The [return message](./../../utils/agents/return_message.py) components for the return message contain an initialization method for the llm with the [return message prompt](./../../prompt_engineering/prompts/llama3_8b-prompt_engineering-return_message_prompt.yaml).  

To demonstrate how you can customize the overall feel of the assistant, I've also added: [Canadian return message prompt](./../../prompt_engineering/prompts/llama3_8b-prompt_engineering-return_message_prompt_CAD.yaml) and will use this for the notebook and this portion of the repo.
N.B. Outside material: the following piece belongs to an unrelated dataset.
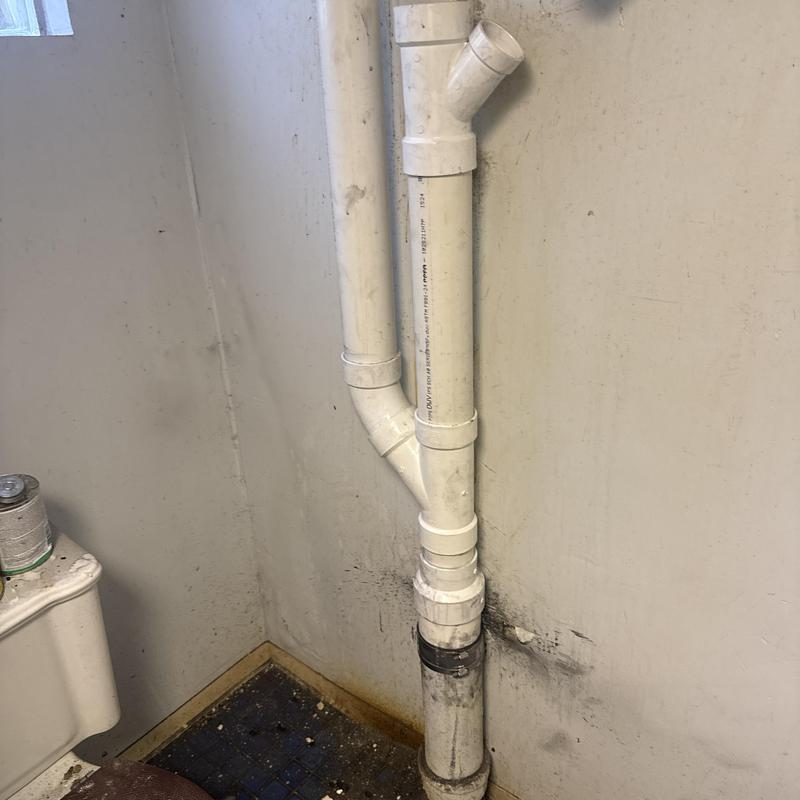 PVC plumbing stack with fittings in basement corner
## Putting together the CRAG/Search Team with supervisor routing

We will first define the team's state as usual:

    class TeamRAGGraphState(TypedDict):
        """
        Represents the state of a team's RAG graph.

        Args:
            question: The user question being asked.
            generation: The most recent generation of the team.
            documents: A list of documents retrieved from the vectorstore.
            answers: A list of answers provided by the team.
            original_question: The original question being asked, in case of subquery generation, query reformulation, etc.
            next: The next step in the pipeline.
        """

        question: str
        generation: str
        documents: List[str]
        answers: List[str]
        original_question: str
        next: str

Note that we do not actually need the question_history or answer_history keys, because we will end up updating the supervisor's state directly, even though it will be embedded in the overall team.  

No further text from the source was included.